Problem - Any images in the material are to be dropped while every line is retyped exactly.

Source material -
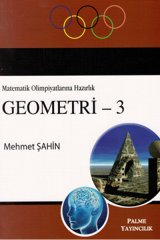 Palme Matematik Olimpiyatlarına Hazırlık GEOMETRİ-3 - Mehmet Şahin Palme Akademik Yayınları
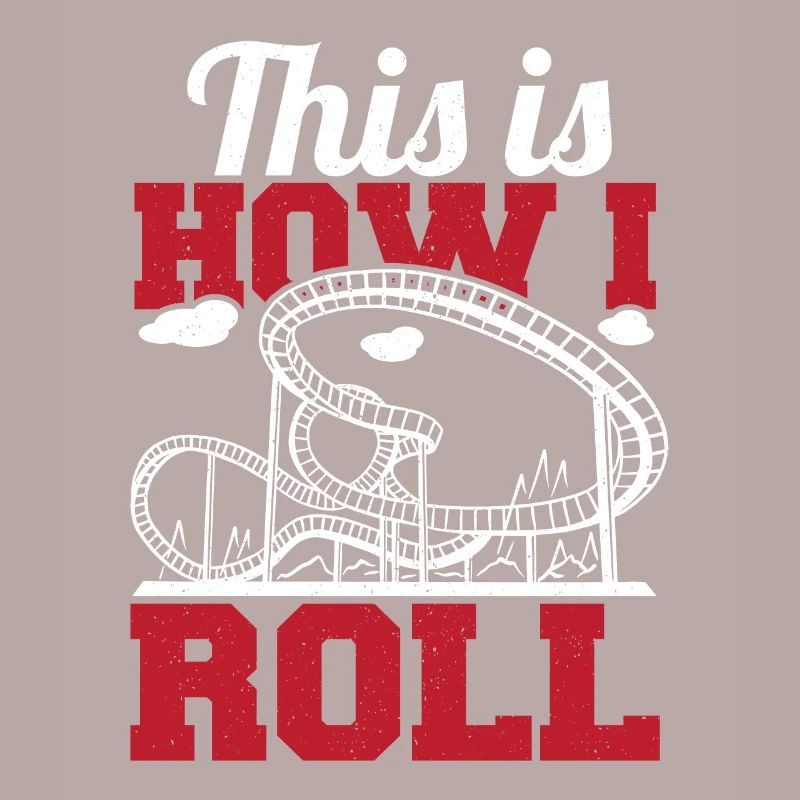 This Is How I Roll Theme Park Vacation Roller Coas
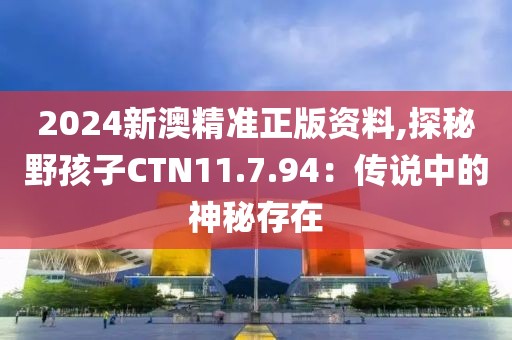 2024新澳精準正版資料,探秘野孩子CTN11.7.94：傳說中的神秘存在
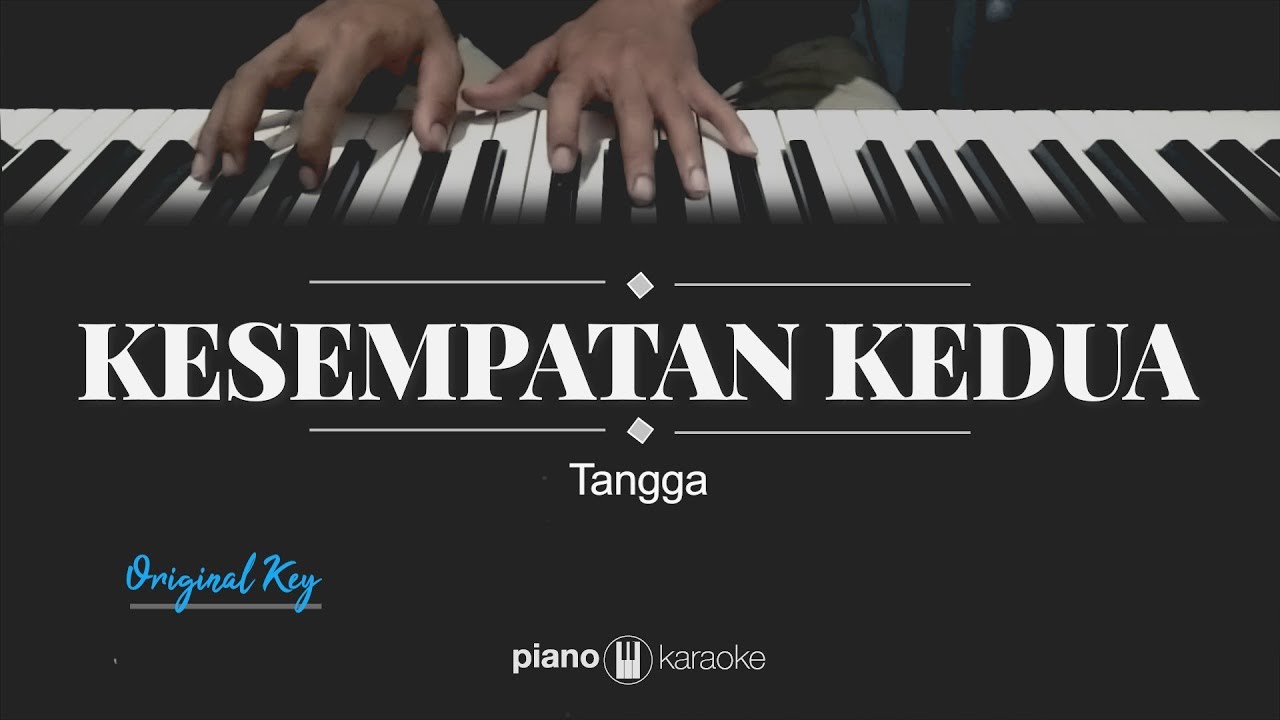 Kesempatan Kedua (Original Key) Tangga (Karaoke Piano Cover)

Task solution -
 Palme Matematik Olimpiyatlarına Hazırlık GEOMETRİ-3 - Mehmet Şahin Palme Akademik Yayınları
 This Is How I Roll Theme Park Vacation Roller Coas
 2024新澳精準正版資料,探秘野孩子CTN11.7.94：傳說中的神秘存在
 Kesempatan Kedua (Original Key) Tangga (Karaoke Piano Cover)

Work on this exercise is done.